Plus que jamais, le président contesté de l’APN joue avec les nerfs de ses adversaires. Après avoir procédé au blocage de l’entrée principale du siège de l’Assemblée dans la matinée de ce mardi 16 octobre, les députés contestataires ont tenu une réunion dans l’après-midi pour décider des suites à donner à leur action.
À l’issue du conclave, ils ont rendu publique une déclaration qui traduit plus leur désarroi que leur détermination. « Devant la situation qui prévaut à l’APN, et vu la transgression du règlement intérieur et suite à la levée de la couverture politique de M. Bouhadja qui appartient au groupe du FLN, nous appelons le bureau de l’Assemblée à prendre les mesures qui s’imposent », indiquent-ils dans la déclaration lue par le président du groupe parlementaire du MPA, Hadj Cheikh Berbara.
Le Bureau de l’Assemblée devrait donc se réunir ce mercredi à 14h, mais pour prendre quelles mesures, du moment que ni la destitution ni aucune disposition pouvant pousser Saïd Bouhadja vers la sortie ne sont prévues par les textes régissant le Parlement, soit la constitution, la loi organique de 2016 et le règlement intérieur ? Le Bureau va-t-il assumer l’incroyable pas franchi ce mardi par certains députés qui ont scellé les portes de l’Assemblée et attendu de pied ferme le président contesté pour l’empêcher de rejoindre son bureau ?

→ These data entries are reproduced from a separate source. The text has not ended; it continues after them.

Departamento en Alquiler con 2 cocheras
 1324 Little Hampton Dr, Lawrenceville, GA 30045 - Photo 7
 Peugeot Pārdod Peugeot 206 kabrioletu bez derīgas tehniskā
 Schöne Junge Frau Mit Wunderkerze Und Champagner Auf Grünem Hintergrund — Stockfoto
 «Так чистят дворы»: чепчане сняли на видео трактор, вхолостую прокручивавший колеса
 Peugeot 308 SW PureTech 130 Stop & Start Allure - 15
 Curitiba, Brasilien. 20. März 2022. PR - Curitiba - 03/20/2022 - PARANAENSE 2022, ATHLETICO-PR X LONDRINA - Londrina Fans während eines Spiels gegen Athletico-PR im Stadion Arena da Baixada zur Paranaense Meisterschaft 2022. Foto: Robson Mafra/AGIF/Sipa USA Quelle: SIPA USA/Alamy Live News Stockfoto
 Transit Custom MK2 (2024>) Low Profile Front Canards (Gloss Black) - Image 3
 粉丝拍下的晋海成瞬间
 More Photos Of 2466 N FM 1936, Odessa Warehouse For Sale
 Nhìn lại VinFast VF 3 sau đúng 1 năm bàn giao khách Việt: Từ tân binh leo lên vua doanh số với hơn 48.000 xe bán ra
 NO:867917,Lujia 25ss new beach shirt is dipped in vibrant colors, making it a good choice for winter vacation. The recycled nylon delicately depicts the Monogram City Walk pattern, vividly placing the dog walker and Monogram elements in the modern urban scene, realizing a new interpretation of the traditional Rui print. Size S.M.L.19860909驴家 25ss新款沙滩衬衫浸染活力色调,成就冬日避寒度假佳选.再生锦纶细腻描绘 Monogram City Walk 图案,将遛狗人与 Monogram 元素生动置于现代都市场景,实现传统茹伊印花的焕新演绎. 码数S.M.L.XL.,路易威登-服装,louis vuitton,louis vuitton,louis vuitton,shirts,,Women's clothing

Le Bureau, pas plus que les présidents des groupes parlementaires et des commissions permanentes, ne dispose d’aucun outil légal pour obtenir la démission du président. Il ne reste que l’illégalité dans laquelle les contestataires s’enfoncent chaque jour un peu plus, car même le bureau auquel ils jettent la patate chaude ne peut se réunir sans être dûment convoqué par le président de l’Assemblée. C’est dans l’article 18 du règlement intérieur qui stipule aussi que l’ordre du jour de la réunion doit être communiqué aux membres 48 heures avant sa tenue.
Comment des députés dont la mission première est d’élaborer les lois peuvent-ils à ce point ignorer celles qui régissent le fonctionnement de leur institution ? Si le Bureau opte lors de sa réunion de ce mercredi pour la constatation de la vacance présidence de l’Assemblée, il se retrouvera en porte-à-faux avec les dispositions de l’article 10 du même règlement intérieur, qui lui confère certes ce pouvoir, mais seulement dans des conditions qui ne souffrent d’aucune ambiguïté. « En cas de vacance de la présidence de l’Assemblée Populaire Nationale par suite de démission, d’incapacité ou d’incompatibilité ou de décès, il est procédé à l’élection du Président de l’Assemblée populaire nationale suivant les mêmes modalités prévues par le présent règlement intérieur, dans un délai maximum de quinze (15) jours à compter de la déclaration de la vacance. »
Aucune de ces situations ne s’applique au cas de Saïd Bouhadja. Lui bloquer l’accès à son bureau pour ensuite constater la vacance du poste, c’est un plan d’une incroyable ingénuité qui ne fera qu’enfoncer davantage ses auteurs dans l’illégalité
Ils pourraient aussi mettre à profit la réunion de ce mercredi pour interpeller officiellement les « plus hautes autorités du pays » sur la situation qui prévaut à l’Assemblée. Mais là aussi, ce serait un mépris clair à leur institution, censée être indépendante du pouvoir exécutif en vertu de la constitution qui consacre la séparation des pouvoirs. Aussi, il n’est pas sûr que la Présidence de la République appréciera, elle qui, par le biais de canaux officieux, ne cesse de répéter que la crise à l’APN ne la concerne ni de près de loin.
Il restera alors peut-être aux députés contestataires la solution qui parait la plus sensée : renvoyer la balle aux chefs de leurs partis respectifs, Djamel Ould Abbès et Ahmed Ouyahia en tête, en leur demandant de trouver une solution politique à un problème politique qu’ils ont créé pour des raisons sans doute aussi politiques.